During the first five months of this year, overall aid commitments from the largest government donors were $16.9 billion, down from $23.9 billion in the same period last year, according to the new analysis, which drew on data from the United States, the United Kingdom, European Union institutions, Germany, France, Canada and others.
Many of these donors — notably the U.K., whose aid commitments have dropped by nearly 50% from last year, according to the analysis — are struggling as their economies contract.
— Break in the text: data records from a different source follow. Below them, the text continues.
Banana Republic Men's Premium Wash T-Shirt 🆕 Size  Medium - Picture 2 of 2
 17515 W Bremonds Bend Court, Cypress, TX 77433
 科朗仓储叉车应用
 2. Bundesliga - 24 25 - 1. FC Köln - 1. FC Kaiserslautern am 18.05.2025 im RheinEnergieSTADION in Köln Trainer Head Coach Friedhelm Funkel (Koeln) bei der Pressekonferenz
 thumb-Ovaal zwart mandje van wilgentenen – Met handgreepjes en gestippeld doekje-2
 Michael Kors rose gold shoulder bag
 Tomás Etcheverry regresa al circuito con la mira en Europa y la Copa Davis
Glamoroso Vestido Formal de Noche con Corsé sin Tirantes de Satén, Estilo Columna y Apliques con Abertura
The sheer magnitude of the crisis is another challenge as every part of the world needs help — and now.
The reality on the ground could be even worse than the analysis indicates: Crucially, it only shows promises of aid. Just how much of the billions of dollars pledged have reached those in need is not yet clear.
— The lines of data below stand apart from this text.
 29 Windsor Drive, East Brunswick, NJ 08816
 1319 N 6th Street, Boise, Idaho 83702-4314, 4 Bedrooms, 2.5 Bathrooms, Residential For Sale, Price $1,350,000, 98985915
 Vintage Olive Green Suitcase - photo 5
In some cases, the response to the pandemic has been alarmingly slow. In June, more than two dozen international aid groups wrote to the U.S. about its pledged coronavirus aid, saying that “little to no U.S. humanitarian assistance has reached those on the front lines” and calling the uncharacteristic delays “devastating.”
Their letter came as the U.S. promoted global leadership on the COVID-19 response with more than $1 billion committed. Aid groups are now waiting to see whether the U.S. will deliver millions of dollars this month as indicated.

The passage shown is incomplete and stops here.